**Provided data:**
◆ ◆ ◆
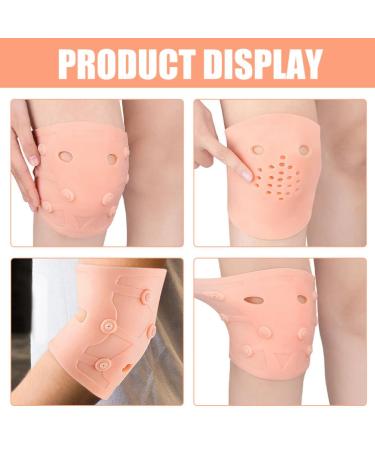 Buy Healvian Knee Sleeve - Magnetic Knee Support Brace & Elastic Stabilizer for Pain Relief & Comfort - International Shipping Available - Buy Online on GoSupps.com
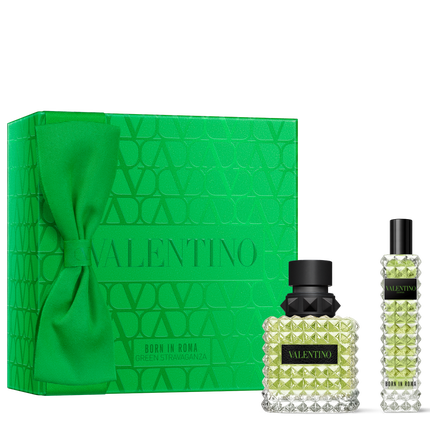 ヴァレンティノ ドンナ ボーン イン ローマ グリーンストラヴァガンザ オードパルファン セット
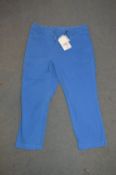 *Pair of Seasalt Peacock Trousers Size:10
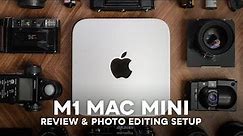 My complete M1 Mac Mini Photo Editing Setup + 6 month review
◆ ◆ ◆
**About this exercise:**
Return all material verbatim, pictures omitted.

**Output of the task:**
 Buy Healvian Knee Sleeve - Magnetic Knee Support Brace & Elastic Stabilizer for Pain Relief & Comfort - International Shipping Available - Buy Online on GoSupps.com
 ヴァレンティノ ドンナ ボーン イン ローマ グリーンストラヴァガンザ オードパルファン セット
 *Pair of Seasalt Peacock Trousers Size:10
 My complete M1 Mac Mini Photo Editing Setup + 6 month review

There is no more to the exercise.